Another major source of concern is why JPMorgan Chase went ahead to approve the release of the funds, despite the the issues it had with the request, which it reported to financial regulators. However, in spite of its suspicion that the request for extraction could have come from the basis of money laundering, it went ahead to make the transfers.
As a result, the Nigerian government is now requesting the court to compel the bank to pay up in damages. JPMorgan Chase has countered the suit with its own court documents, basing its position on the fact that the agreement signed between both parties was also subject to following instructions of the Nigerian government even if the bank had its misgivings that the transactions “were not in the best interest” of the former.
However, the back-and-forth on the funds did not begin in 2019. Flash back 20 years ago, specifically in 1998, Sani Abacha had awarded an oil licence to Dan Etete, Nigeria’s oil minister at the time for $2million. However, the transaction was projected to yield billions of dollars in revenue, and there were unsuccessful attempts by the successive government to revoke the licence on the grounds of corruption.
Fast-forward to 2007, asides being convicted of money laundering in France in an unrelated case, a deal was struck involving Etete, the Nigerian government and two oil companies, Royal Dutch Shell and Eni for sale of the licence. However, Etete and friends of former President Goodluck Jonathan were said to have benefitted more than $1billion in the deal and the case is currently on trial in Italy.
In February 2018, Bayo Ojo (SAN), a former Attorney General and Minister of Justice, had admitted to the court that he received a “compensation” of $10million from Etete for his work as a legal adviser during the sale of OPL 245.

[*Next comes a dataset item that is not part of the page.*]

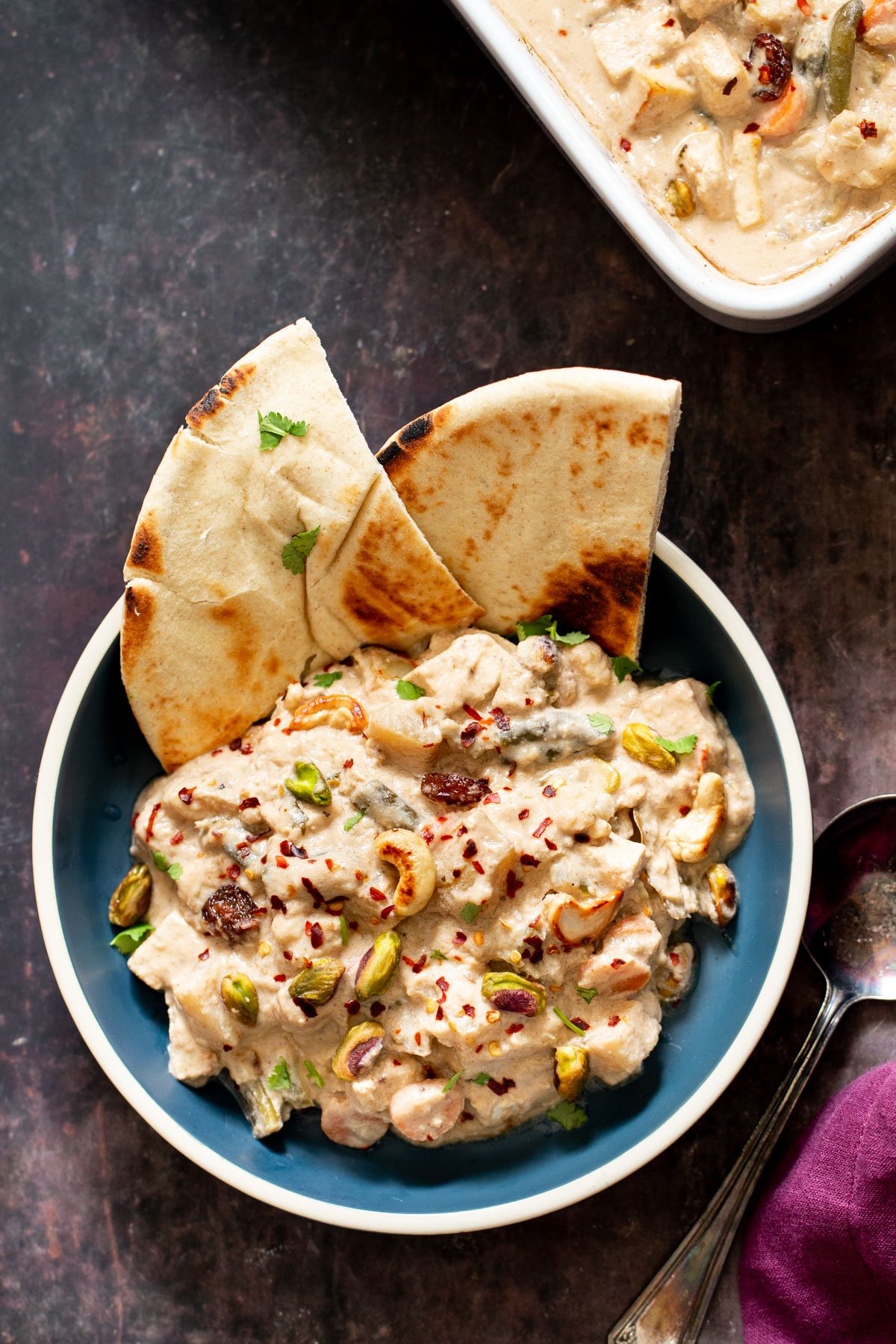 Navratan Korma served in a bowl with some pita bread and sprinkled with nuts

An account was opened by the Nigerian government officials with JPMorgan in London, and a subsidiary of Eni deposited about $1.1billion on May 25, 2011, of which a transfer-request to the Banca Svizzera Italiana, a Swiss Bank, was made. Howeverm the Swiss bank rejected the transfer request on the grounds of that it suspected that the funds would eventually find its way to Etete. These were presented in the documents made available to the Italian court. With the situation on ground, JPMorgan Chase also expressed reservations on the funds to financial regulators in Britain, but did not take any action to limit activity on the account.
Weeks later, in July of the same year, a transfer request was made for the bank to transfer the funds to a bank in Lebanon. A document on this request was made available to the British court, signed by Nigeria’s Attorney General. This was to enable release of the funds because some part of the funds were affected y a court-ordered freeze ruling. The judge approved the release of $800million of the said funds, but also expressed particular concern about the fact that the request may “a money-laundering exercise”.
However, the $800million was transferred as requested, but the Lebanese bank, Banque Misr Liban, rejected the transfer. After the rejection, a transfer request was sent to JPMorgan Chase to send the funds in two deposits of $400million each to two Nigerian bank accounts owned by Etete. While JPMorgan reported the transfers to the British Serious Organised Crime Agency (now the National Crime Agency) as suspicious, it went ahead to make the transfers anyway. In 2013, another $74million was requested to be transferred to a corporate account belonging to former oil minister based in Nigeria.